I was asked;
"So my gallery wants a nice even finish, like that of a varnished piece, on every piece going up on the walls. How do I get that if I am not to varnish a piece for 6 months to a year after I finish it?"
All galleries want that. Here's the best suggestion I can give you. I don't think there is any great harm coating the paintings with Liquin but I think a better fix is to spray them with retouch varnish after they have dried for a day or two. DO NOT use enough that the varnish pools on the surface of your new painting, otherwise it may actually dissolve the paint. This problem goes away after the painting is dryer but I advise you to never let that happen.
It is best to do that in a couple of thin applications. But this is only temporary and the painting should be final varnished at a later date. Several commenters have asked me how I deal with that. The short answer is, often I don't. This is a problem I have discussed with my artist friends and they all seem to do about the same thing, retouch and then out the door. I cannot possibly sit on all my work for a year and then varnish it.

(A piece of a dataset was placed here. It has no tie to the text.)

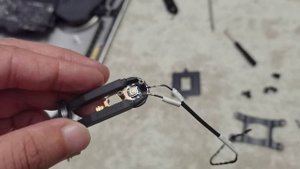 Смотреть Всем!!! Как не повредить кнопку включения при разборе на Apple imac A1418 или Починить!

If I do get a chance to varnish a painting that hasn't sold or I am visiting a client who has one of my paintings I will varnish it. I do that with a brush and with the painting lying flat. Keeping it thin is good too, pools of varnish will show on the painting. Matt varnish is a crime against nature. It KILLS your color.
I am thinking that I will write up a page to be included with the painting in an envelope that is stapled to the stretchers describing to the client that the painting needs to be varnished and how to do it. When I do I will publish it to the blog so you all can copy it of and use it too.I often don't know who has my paintings as they are sold through dealers.